34. DEALING WITH DENIAL AND OTHER DEFENSES
- This section expands on one aspect of exploratory psychotherapy and coordinates with Section 15 [Individual Psychotherapy] and Section 27 ]Ongoing Psychotherapy] . It also relates to Section 2 [Intake] and Section 42 [Intake Issues].
A patient’s defenses can come into play at various times throughout treatment. The extent to which a person uses defenses and the kinds of defenses uses may be related to many things, including the person’s other psychological issues and stage of change [ Section 47 ]. Defenses may lead a person to misinterpret other people’s behavior or the meaning of the situation, with consequent urge to drink. Proponents of motivational interviewing [ Section 24 ] argue that early use of defenses by alcoholics is often in reaction to critical attitudes from their families, law enforcement people and counselors.
34a. Typical Defenses Used by Alcoholics
While recovering alcoholic patients may use any of the full range of ego defenses, some are more likely and should be watched-for by therapists. These include denial, projection, projective identification, rationalization and splitting. Many other intrapsychic defenses and interpersonal strategies may also be used by alcoholics, but the treatment principles remain the same.
Overuse of a limited range of defenses contributes to the patient’s vulnerability to alcohol dependence or abuse.

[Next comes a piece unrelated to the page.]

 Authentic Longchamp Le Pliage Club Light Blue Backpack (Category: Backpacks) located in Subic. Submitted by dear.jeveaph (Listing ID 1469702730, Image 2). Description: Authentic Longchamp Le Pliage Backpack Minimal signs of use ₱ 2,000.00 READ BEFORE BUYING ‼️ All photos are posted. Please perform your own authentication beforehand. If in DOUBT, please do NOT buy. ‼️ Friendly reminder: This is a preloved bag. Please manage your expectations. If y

A natural therapeutic goal would seem to be to reduce the patient’s dependence on these defenses as soon as possible, and thereby reduce his/her need to supplement inadequate defenses with alcohol [if actively drinking] or the risk of relapse [if not]. However, any attempt to undermine the patient’s defenses may actually increase his/her chances of drinking, by leaving him/her open to feelings and conflicts that s/he is poorly equipped to handle. In fact, drinking may be thought of as a defensive maneuver that operates in lieu of other defenses, to prevent the patient from experiencing those same feelings and conflicts. Undermining other defenses may increase the probability that a patient will drink.
A more effective strategy early in treatment is to support defenses that promote sobriety and continued treatment and undermine defenses that are likely to lead to drinking or withdrawal from treatment. Commonly the psychodynamic strategy is to ignore effective defenses and to examine ineffective ones. Examination includes noting them, naming them, asking about their origins, functions, and so on.

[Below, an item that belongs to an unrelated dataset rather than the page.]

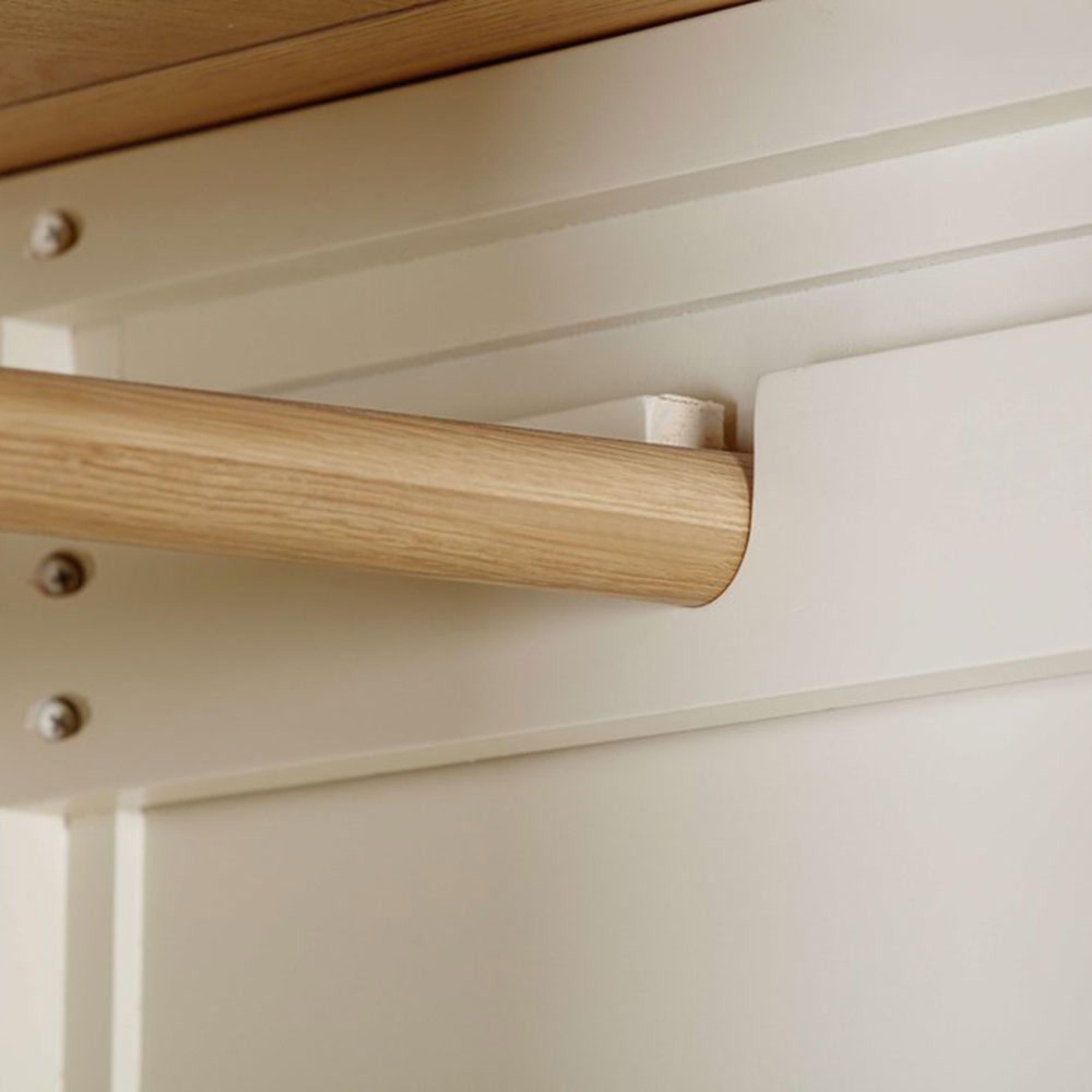 Hayley Sliding Wardrobe - 2 Door - Double - Oak and White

Typically, feelings to be avoided include anxiety, fear, guilt, shame, anger and loneliness.
Denial is commonly thought to be the most pervasive and dangerous defense of alcoholics. Active alcoholics deny that they are dependent on alcohol, deny that they drink too much, deny that there are dangerous consequences of drinking, and so on [see Part 34b following]. Drinking itself may be considered to be a form of denial, in which an unpleasant reality is simply put out of mind, as though it doesn’t exist.
Rationalization is the process of finding reasonable-seeming explanations for unreasonable behavior. An active alcoholic uses rationalization to bolster denial and continue drinking, or to explain away the outrageous things s/he has done while drunk.

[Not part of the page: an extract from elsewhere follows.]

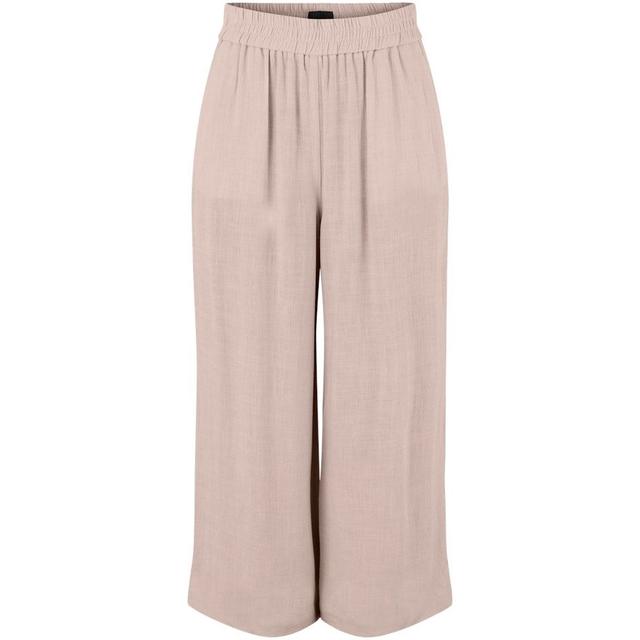 Kelnės moterims, Žalia, PCVINSTY HW LINEN CUL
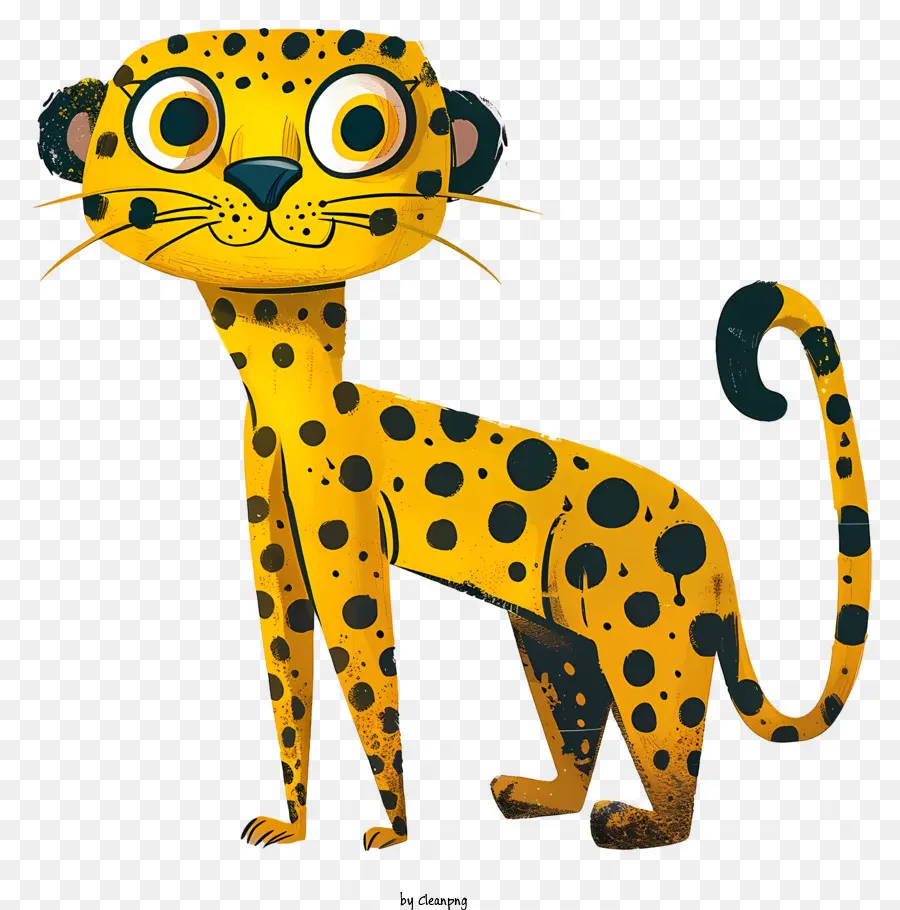 Leopardo Abstracto，Dibujos Animados De Leopardo PNG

Displacement see Keller p 98a. See also McWilliams treatment of defenses
Externalization [mentioned in Section 37 ]
Projection occurs when a person disavows his/her own feelings, thoughts, attitudes, etc., and attributes them to others. Projection, including blaming, can be used to redirect thinking and to justify continued drinking and other harmful behaviors.
Projective identification is used here to refer to the tendency to attribute ones own thoughts and motivations to others, without disowning them as in projection.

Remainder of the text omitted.